Los que escribimos


         Pensar, interpretar lo pensado y traducirlo en palabras es la gran tragedia de los que escribimos. El hombre corriente difícilmente puede imaginarse todo el angustioso dolor que se siente Al concebir ideas nuevas, o al tratar de concebirlas solamente, y cuanto sufrimiento cuesta, luego, el darlas a luz de forma comprensible. Un puño cerrado; un poderoso puño de titán que trata de abrirse a toda costa para salir, aún a trueque de romperla, de esa pequeña jaula para seres intangibles que es el cerebro humano; nuestro cerebro; el torturado cerebro de los que escribimos. El efecto es parecido. Y duele. Por eso nunca he podido comprender al hombre común –a los hombres diferentes en algo podemos llamarlos “hombres propios”- cuando, si se trata de definir a alguno de nosotros en particular, dice simplemente, sin concedernos la menor importancia, en tono despectivo: “Ese es uno a quien le da por escribir”. Y hay que pararse a meditar profundamente en ese “a quien le da”, por todo lo que significa de menosprecio; aunque esas mismas palabras, implícitamente, vengan a convenir en que somos diferentes de alguna manera, ya se estime que estamos por encima o por debajo de los otros, de los que no conciben que pueda haber cerebros de hombres que se dediquen a pensar por el mero placer doloroso de hacerlo.

 

            Cierto es que los que escribimos somos raros –en ese sentido y en el que equivale a decir pocos- en comparación con la gran masa literariamente acéfala; pero el hecho de ser minoría no implica qué, por ello, seamos merecedores del desprecio, o indiferencia, de los innumerables -¿se me perdonará que los exprese así?- “cabezas prácticas”, ya que la misma realidad de nuestra existencia –ser esto o lo otro es posible únicamente por contraste- hace posible la suya. Y es que nosotros somos lo contrario, es decir, idealistas, soñadores; en una palabra: distintos. Vivimos sueños y soñamos vidas inimaginables para los hombres corrientes y molientes. ¿Queréis saber, de verdad, como somos? Leed “El pájaro azul”, de Rubén Darío.Garcín –el principal personaje del cuento- nos retrata de cuerpo entero, y alma, a los que escribimos. Pero, si cabe, aún mejor lo hace Edgar A. Poe, aquél escritor de concepciones fantásticas, en su poema “Solo”. Leed; leed:

   Desde las horas de mi infancia

yo nunca fui como los otros;

    no vi jamás como otros vieron,

ni adoré ni odié como todos.

 

            Esto, que puede parecer presunción, ansía de distanciarse o diferenciarse significa todo lo contrario. Supone, para el que escribe, el angustioso reconocimiento de que no le es dado vivir la vida normal, la plácida vida incolora del hombre común. Pero seguid leyendo, todavía:

  En la fuente común yo nunca

  bebí mis penas ni mis gozos;

y soñé siempre sueños míos

  y cuanto amé lo amé yo solo.

 

            Un amor distinto. Un dolor diferente. Amar más. Sufrir más. ¡Ah, cuántas veces uno ha deseado ser como los otros sin poder conseguirlo! Y es que los que escriben tienen una estrella para cada uno y los demás tienen una sola para todos. Y se sienten cerca. Y se ayudan y apoyan unos a otros. Pero el que escribe está solo, trágicamente solo, y su estrella aislada le impone un destino irrenunciable y él, únicamente él, ha de dar luz, calor y vida a su sol solitario y exigente. Si se duerme, la estrella se apaga, Si se muere, su sol desaparece y solo brilla mientras la lucecita del cerebro despierto titila.

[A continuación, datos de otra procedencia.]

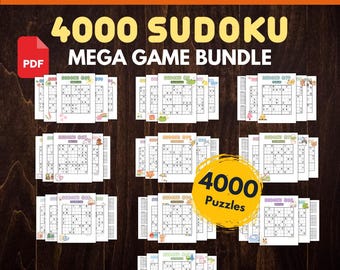4000 Sudoku MEGA Game Bundles | Brain Training Math Logic Games (PDF Downloadable Bundle)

            Entre tanto, los innumerables ven alumbrar, indiferentes, nuestros astros porque el suyo está encendido siempre a fuerza de constantes relevos. Para nosotros nació la incomprensión, esa feroz tortura inmaterial que atormenta a las mentes que pretenden ser águilas.

            No he tratado de hacer, no, una apología de los escritores, entre los cuales, inmodestamente, me incluyo yo. Simplemente he deseado poner de relieve que merecemos otra atención, en gracia al amor y al dolor con que tratamos de concebir ideas nuevas, originales, bonitas, que ofrecer a los que –quizás por ese mismo –nos definen despectivamente como “los que escribimos”. Por otra parte, nuestra única ambición es –también lo ha dicho Rubén- alcanzar el viejo laurel verde.